CPU Utilisation and Optimisation on CheckMK Raw

CMK version: 2.2.0p19
OS version: Ubuntu 22.04

Hello,

So I’m getting less only 50% CPU utilisation on my CheckMK raw instance.
Currently I’m running it on AWS from a docker container in an EC2 instance on an m6i.xlarge (4 vCPU and 16 RAM). I know that the RAM is not needed and will probably move to a compute optimised instance. Although I suspect I’ll still face the same issue - High load with less than 50% CPU utilisation (screenshots below). Is it possible to make the checks run in paralel on or in groups on the raw version (Example first 50 hosts run in 1 minute, than on the 2nd minute the next 50 hosts run, not all at once every minute).
Currently I’m running 1500 services and 150 hosts, but I’ll be adding over 4x the amount of services
and probably double the hosts.
Adding more hosts make the system unstable (UI starts to begin slugish) and makes the load go to 20, 25, 30.

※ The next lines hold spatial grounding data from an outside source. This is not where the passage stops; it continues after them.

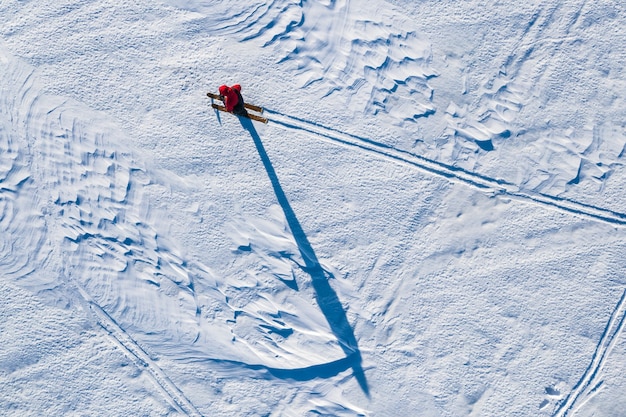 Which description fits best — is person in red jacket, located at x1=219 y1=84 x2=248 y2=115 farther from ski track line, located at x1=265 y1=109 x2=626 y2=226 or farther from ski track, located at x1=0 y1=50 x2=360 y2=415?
ski track, located at x1=0 y1=50 x2=360 y2=415

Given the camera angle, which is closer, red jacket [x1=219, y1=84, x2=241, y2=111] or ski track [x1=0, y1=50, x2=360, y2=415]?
red jacket [x1=219, y1=84, x2=241, y2=111]

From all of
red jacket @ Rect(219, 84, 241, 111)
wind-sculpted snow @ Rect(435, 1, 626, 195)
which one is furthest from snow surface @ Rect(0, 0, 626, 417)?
red jacket @ Rect(219, 84, 241, 111)

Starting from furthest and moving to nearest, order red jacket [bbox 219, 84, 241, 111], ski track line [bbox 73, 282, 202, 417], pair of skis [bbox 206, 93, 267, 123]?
ski track line [bbox 73, 282, 202, 417] → pair of skis [bbox 206, 93, 267, 123] → red jacket [bbox 219, 84, 241, 111]

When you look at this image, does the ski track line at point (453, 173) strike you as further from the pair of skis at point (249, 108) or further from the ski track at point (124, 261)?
the ski track at point (124, 261)

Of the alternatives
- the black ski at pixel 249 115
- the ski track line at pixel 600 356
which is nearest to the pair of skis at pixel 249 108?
the black ski at pixel 249 115

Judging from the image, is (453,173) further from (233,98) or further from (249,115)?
(233,98)

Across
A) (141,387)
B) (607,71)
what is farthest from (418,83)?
(141,387)

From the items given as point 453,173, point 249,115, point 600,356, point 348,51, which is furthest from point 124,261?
point 600,356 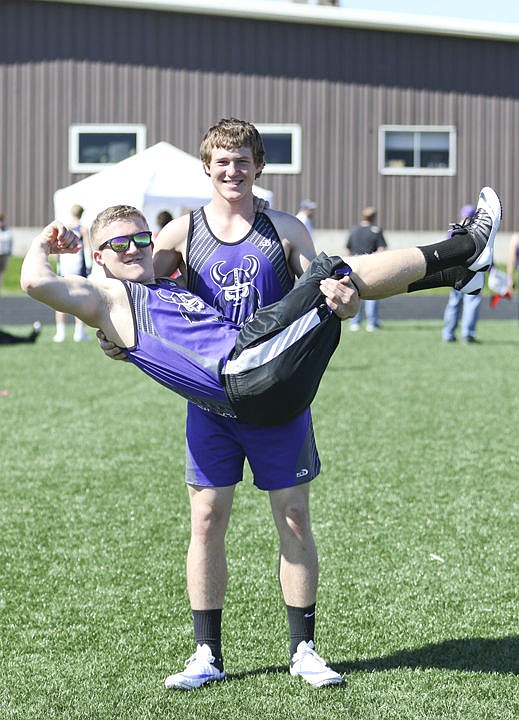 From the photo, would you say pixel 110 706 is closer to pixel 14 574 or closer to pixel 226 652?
pixel 226 652

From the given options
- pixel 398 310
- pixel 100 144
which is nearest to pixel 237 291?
pixel 398 310

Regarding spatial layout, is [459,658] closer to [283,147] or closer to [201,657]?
[201,657]

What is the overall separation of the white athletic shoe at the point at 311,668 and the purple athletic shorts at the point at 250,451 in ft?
2.15

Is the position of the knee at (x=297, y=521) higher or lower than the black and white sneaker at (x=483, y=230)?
lower

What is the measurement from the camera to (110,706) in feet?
12.6

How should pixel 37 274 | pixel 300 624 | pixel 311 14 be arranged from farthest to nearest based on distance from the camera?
pixel 311 14, pixel 300 624, pixel 37 274

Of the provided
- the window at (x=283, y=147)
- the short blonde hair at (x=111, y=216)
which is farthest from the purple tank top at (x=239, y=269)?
the window at (x=283, y=147)

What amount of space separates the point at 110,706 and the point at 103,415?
6497 mm

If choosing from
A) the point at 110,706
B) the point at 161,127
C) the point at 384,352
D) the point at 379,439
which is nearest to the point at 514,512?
the point at 379,439

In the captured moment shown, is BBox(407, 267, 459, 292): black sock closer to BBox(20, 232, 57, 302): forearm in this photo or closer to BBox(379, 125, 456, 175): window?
BBox(20, 232, 57, 302): forearm

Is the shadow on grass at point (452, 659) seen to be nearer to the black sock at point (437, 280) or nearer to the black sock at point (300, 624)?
the black sock at point (300, 624)

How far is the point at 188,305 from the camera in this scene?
390cm

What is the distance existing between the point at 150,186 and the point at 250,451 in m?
14.0

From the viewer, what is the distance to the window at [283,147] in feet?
98.2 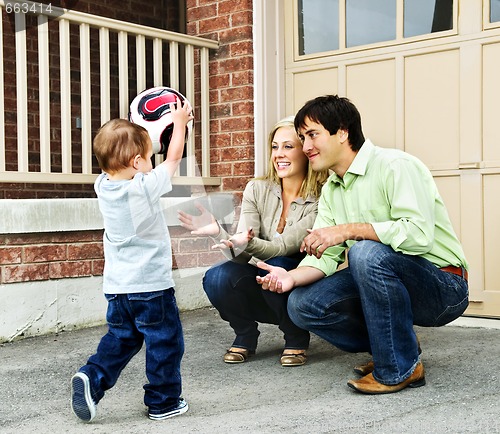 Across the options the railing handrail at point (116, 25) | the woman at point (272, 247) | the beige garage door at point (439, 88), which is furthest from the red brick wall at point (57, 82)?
the woman at point (272, 247)

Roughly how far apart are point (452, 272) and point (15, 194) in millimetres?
4019

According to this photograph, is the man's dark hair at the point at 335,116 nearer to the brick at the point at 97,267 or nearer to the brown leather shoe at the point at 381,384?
the brown leather shoe at the point at 381,384

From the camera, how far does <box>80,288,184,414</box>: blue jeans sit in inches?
106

Output of “cmk --debug -vvn hostname”: (If it is a problem with checks or plugins)

This is a Nagios issue. You can extend the check interval for the Check_MK service check (that pulls the agent data) to 2 or 3 minutes.
The general recommendation is to leave Nagios and go with the Enterprise edition with more than 100 hosts.
Anither solution would be to create multiple sites. Each runs its own Nagios core. You would have to distribute your hosts evenly across the sites.

1 Like

Setup | Maintenance | Analyze configuration gives some hints to finetune some settings.
Click on the blue circles to get more info.

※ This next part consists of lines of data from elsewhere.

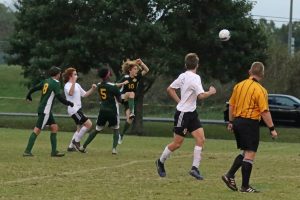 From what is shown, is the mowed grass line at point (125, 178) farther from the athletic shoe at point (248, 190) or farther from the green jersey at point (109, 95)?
the green jersey at point (109, 95)

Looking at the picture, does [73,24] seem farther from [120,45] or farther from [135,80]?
[135,80]

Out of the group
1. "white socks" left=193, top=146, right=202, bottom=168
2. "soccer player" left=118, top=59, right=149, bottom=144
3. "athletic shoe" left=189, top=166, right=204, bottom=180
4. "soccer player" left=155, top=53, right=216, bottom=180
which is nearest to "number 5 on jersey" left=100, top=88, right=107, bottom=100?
"soccer player" left=118, top=59, right=149, bottom=144

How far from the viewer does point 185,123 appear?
40.3 ft

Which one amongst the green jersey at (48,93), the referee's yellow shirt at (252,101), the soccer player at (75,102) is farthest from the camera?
the soccer player at (75,102)

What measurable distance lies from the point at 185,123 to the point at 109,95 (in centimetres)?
493

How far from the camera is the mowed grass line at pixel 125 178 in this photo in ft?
33.3

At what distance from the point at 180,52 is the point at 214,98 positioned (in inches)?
856

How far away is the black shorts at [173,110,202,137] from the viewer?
12.3m

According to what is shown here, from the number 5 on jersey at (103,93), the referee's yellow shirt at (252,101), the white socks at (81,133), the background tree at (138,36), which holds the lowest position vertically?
the white socks at (81,133)

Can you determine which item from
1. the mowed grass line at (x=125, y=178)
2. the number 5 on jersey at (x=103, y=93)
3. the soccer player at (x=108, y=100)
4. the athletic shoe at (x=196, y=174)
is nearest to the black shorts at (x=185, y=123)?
the athletic shoe at (x=196, y=174)

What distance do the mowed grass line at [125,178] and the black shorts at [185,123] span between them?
2.59ft

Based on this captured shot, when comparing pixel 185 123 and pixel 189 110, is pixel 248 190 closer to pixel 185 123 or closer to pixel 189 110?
pixel 185 123

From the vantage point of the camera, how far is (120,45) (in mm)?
32094

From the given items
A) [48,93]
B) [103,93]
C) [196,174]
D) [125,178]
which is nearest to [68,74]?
[103,93] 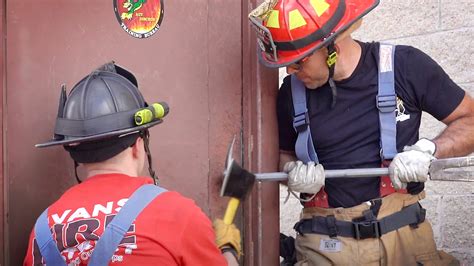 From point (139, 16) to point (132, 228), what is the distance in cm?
119

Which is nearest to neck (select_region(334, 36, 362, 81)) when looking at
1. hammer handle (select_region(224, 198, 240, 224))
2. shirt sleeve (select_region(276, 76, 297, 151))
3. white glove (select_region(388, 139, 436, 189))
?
shirt sleeve (select_region(276, 76, 297, 151))

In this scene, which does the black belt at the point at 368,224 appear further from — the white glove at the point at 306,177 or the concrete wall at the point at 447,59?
the concrete wall at the point at 447,59

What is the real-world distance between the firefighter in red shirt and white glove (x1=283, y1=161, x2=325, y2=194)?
0.61m

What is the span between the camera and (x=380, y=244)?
3.23 meters

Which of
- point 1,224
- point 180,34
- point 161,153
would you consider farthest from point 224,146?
point 1,224

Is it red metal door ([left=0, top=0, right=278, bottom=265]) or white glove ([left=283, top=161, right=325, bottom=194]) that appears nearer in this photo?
red metal door ([left=0, top=0, right=278, bottom=265])

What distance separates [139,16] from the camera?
318 centimetres

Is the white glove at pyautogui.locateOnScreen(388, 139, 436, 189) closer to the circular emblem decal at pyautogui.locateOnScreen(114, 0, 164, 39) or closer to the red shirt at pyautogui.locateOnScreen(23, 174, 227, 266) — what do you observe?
the red shirt at pyautogui.locateOnScreen(23, 174, 227, 266)

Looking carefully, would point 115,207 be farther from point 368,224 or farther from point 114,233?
point 368,224

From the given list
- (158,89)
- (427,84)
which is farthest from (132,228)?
(427,84)

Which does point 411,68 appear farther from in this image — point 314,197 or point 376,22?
point 376,22

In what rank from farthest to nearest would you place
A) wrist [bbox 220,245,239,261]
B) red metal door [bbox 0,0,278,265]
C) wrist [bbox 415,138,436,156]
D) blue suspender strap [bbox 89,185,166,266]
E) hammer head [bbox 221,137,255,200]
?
wrist [bbox 415,138,436,156] → red metal door [bbox 0,0,278,265] → wrist [bbox 220,245,239,261] → hammer head [bbox 221,137,255,200] → blue suspender strap [bbox 89,185,166,266]

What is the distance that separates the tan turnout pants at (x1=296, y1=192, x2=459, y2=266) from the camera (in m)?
3.23

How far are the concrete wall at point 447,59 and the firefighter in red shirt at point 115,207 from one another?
2.32 meters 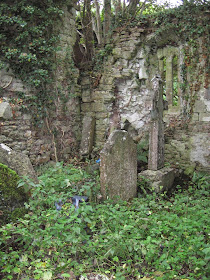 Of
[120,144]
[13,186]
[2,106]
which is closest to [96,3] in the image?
[2,106]

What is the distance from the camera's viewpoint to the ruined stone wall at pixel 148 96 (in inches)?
259

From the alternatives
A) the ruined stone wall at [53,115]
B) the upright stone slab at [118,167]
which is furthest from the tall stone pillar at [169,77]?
the upright stone slab at [118,167]

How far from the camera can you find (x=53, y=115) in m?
7.11

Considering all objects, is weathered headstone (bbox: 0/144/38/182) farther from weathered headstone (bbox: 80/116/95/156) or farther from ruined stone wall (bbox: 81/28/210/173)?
weathered headstone (bbox: 80/116/95/156)

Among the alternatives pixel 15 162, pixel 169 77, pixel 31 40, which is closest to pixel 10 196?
pixel 15 162

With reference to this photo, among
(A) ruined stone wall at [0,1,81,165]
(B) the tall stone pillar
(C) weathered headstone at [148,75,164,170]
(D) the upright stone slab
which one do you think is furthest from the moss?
(B) the tall stone pillar

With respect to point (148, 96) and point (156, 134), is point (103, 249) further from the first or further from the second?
point (148, 96)

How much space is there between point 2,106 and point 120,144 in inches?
124

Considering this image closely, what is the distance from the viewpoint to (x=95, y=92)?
8047mm

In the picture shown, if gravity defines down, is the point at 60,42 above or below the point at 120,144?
above

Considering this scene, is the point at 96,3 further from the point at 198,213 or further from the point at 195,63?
the point at 198,213

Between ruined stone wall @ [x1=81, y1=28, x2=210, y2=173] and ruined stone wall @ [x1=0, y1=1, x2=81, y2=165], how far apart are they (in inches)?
26.8

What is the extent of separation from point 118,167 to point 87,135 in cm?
347

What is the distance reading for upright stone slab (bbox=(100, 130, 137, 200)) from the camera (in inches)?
170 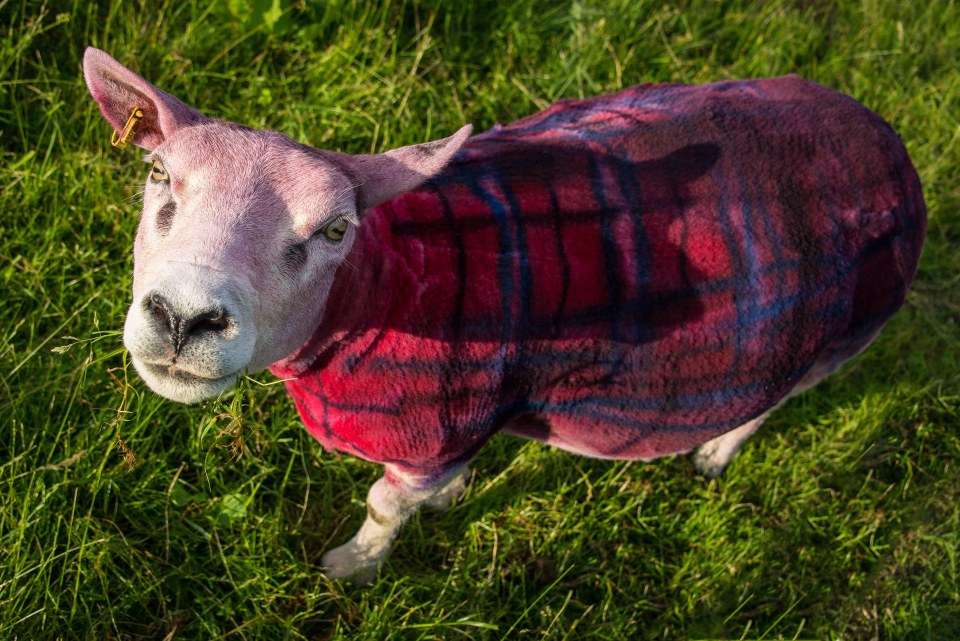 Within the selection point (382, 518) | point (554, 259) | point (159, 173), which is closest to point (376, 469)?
point (382, 518)

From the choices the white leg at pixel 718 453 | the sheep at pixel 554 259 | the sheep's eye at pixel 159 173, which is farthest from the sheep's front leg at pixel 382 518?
the sheep's eye at pixel 159 173

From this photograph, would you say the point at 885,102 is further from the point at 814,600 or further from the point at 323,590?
the point at 323,590

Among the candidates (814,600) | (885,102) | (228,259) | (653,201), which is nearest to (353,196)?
(228,259)

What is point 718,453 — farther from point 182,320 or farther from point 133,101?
point 133,101

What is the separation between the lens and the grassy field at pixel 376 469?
3254 mm

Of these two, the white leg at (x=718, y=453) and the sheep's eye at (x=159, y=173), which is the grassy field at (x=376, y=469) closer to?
the white leg at (x=718, y=453)

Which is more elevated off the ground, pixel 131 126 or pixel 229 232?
pixel 131 126

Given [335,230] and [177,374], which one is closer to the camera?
[177,374]

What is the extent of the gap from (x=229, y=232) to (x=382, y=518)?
1596mm

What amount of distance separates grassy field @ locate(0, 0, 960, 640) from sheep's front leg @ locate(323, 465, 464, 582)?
0.34ft

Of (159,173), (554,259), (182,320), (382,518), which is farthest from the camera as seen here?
(382,518)

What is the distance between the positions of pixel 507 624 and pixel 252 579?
3.56ft

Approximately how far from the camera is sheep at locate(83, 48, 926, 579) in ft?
7.22

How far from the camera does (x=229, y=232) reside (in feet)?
6.64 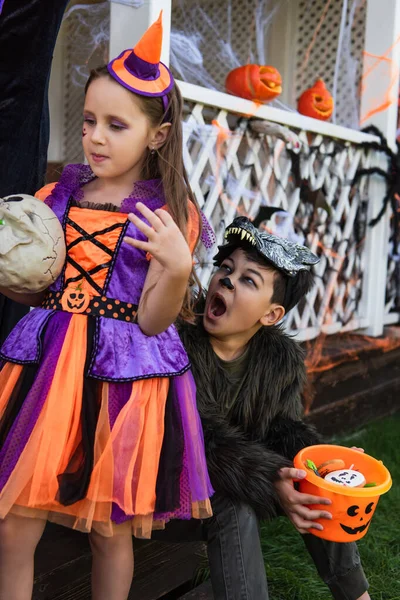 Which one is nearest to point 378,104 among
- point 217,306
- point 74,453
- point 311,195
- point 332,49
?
point 311,195

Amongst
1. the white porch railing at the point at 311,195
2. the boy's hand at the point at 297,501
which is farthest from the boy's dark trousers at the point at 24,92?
the boy's hand at the point at 297,501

GUI being slugish could be an Apache process usage issue.

In my case, I need to look into the number of Apache processes. Probably need to lower them a bit.

More info on Analyze configuration:

3 Likes

Wont extending the check interval only decrease the number of times the hosts and services get checked? This sounds to be beneficial only when I’m getting CPU limited (100% not 50%, I may be completely wrong on how I understand this). Also if I go with running multiple sites, can I specify running one site after another?

No

It looks more like an I/O issue on your machine. A load of 3,5 in average with 4 cores and only 40% utilization means that your processes need to wait for execution.
If it is a disc or network I/O problem, is not possible to say with the shown data.

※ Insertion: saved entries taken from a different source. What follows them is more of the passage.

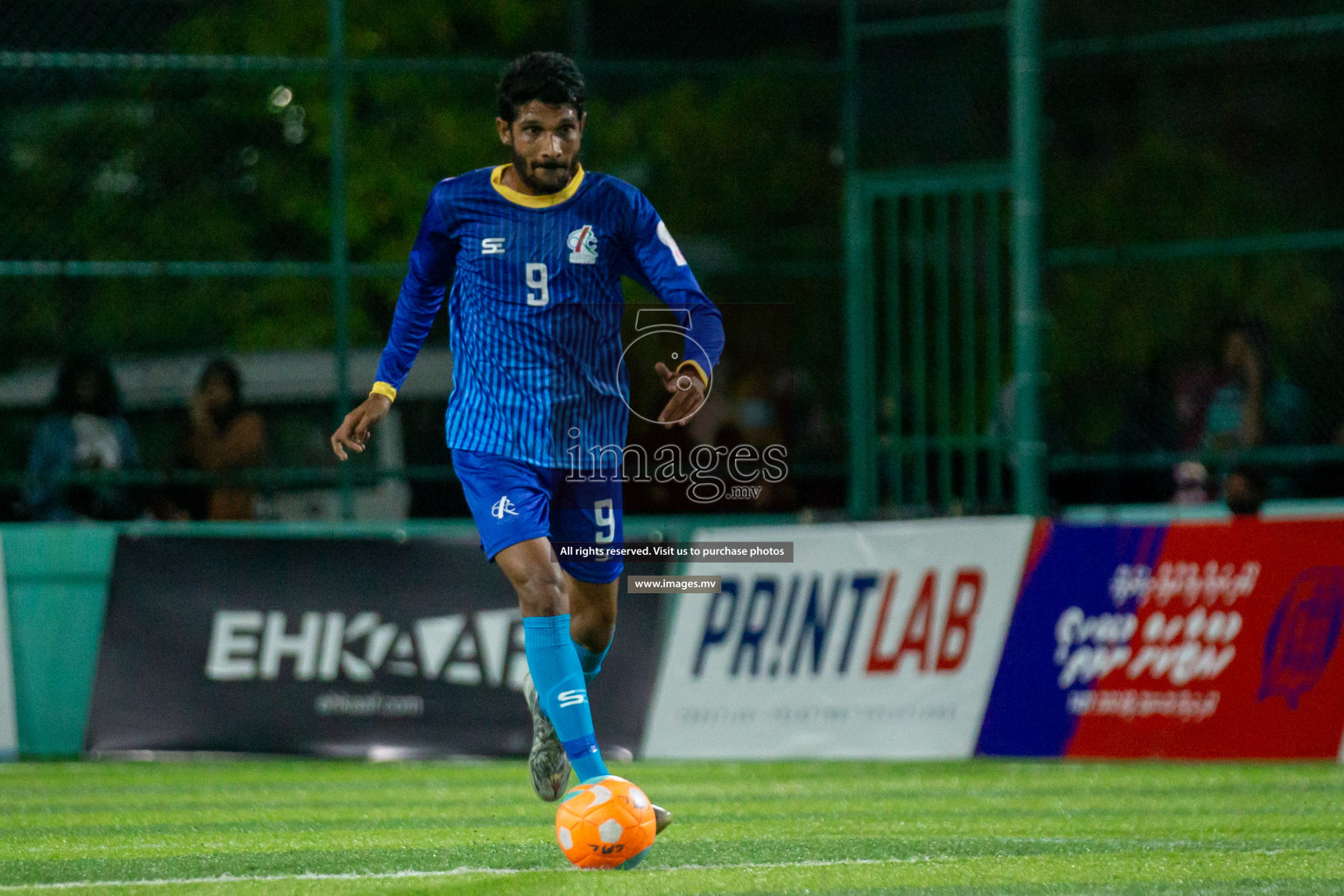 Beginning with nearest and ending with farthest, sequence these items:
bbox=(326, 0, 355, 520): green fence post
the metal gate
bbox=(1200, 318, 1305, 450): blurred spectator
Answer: bbox=(1200, 318, 1305, 450): blurred spectator
bbox=(326, 0, 355, 520): green fence post
the metal gate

Opening this make me saw that the life status usage is full :


I’ve also increased the number of apache processes, but I don’t think the sluggishness is being caused by that, more because of no CPU availability.

Don’t increase - you need to decrease it :slight_smile:
The livestatus 100% is normal für RAW edition. There is no real livestatus usage.
This is only usable inside enterprise with CMC core.

2 Likes

Well currently the EC2 instance is running on GP3 volume (which is SSD).
This is what I can see from AWS monitoring and CheckMK for Disk utilisation :



Network doesn’t feel to be a bottleneck as well, the instance should be able to cover 10 or 12.5GBit of network traffic, which by the looks is less than 1% currently. (Also I’m using Wireguard to connect, but I don’t think this should be causing issues.)